◆ Work order
Below is a set of records; reproduce them exactly without their pictures.

◆ Information given
>>>
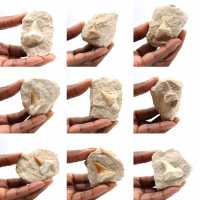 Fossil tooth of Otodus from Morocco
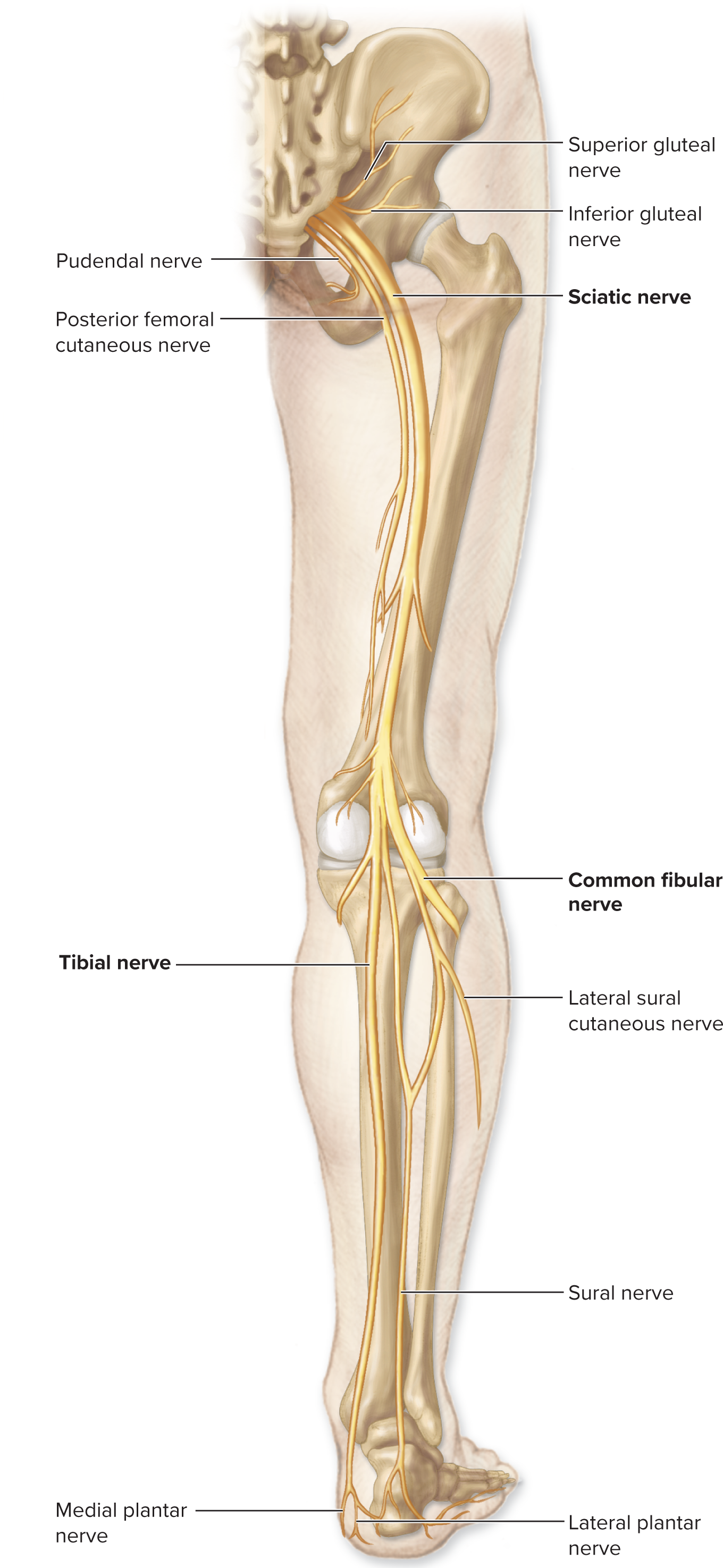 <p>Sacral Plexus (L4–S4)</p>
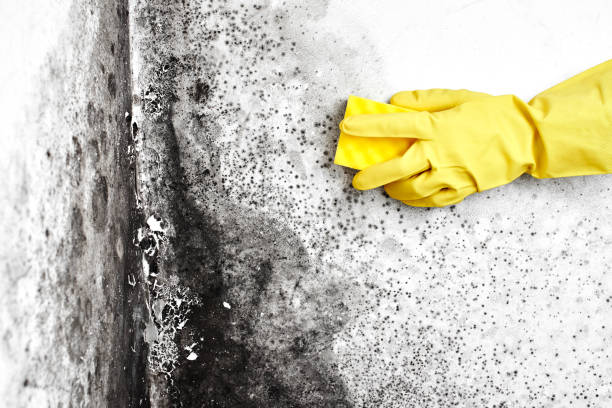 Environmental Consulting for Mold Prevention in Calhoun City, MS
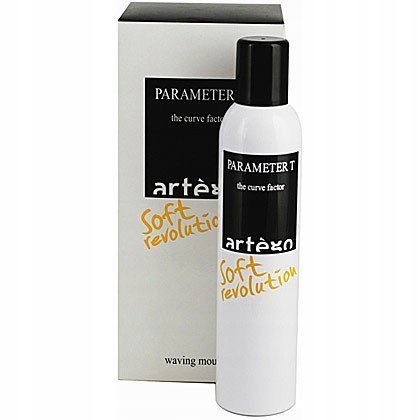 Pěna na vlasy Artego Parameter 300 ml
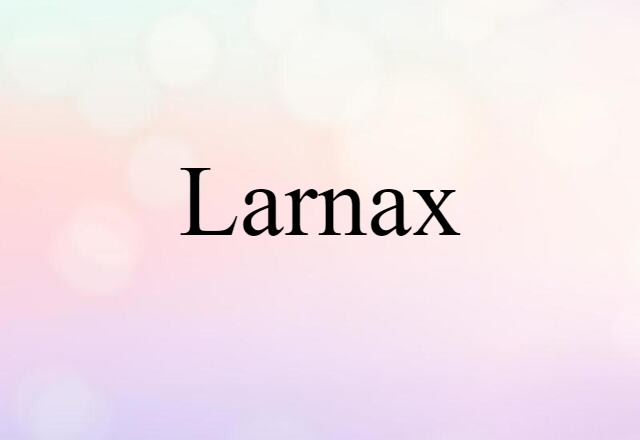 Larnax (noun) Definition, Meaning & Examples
<<<
◆ Solution below
 Fossil tooth of Otodus from Morocco
 <p>Sacral Plexus (L4–S4)</p>
 Environmental Consulting for Mold Prevention in Calhoun City, MS
 Pěna na vlasy Artego Parameter 300 ml
 Larnax (noun) Definition, Meaning & Examples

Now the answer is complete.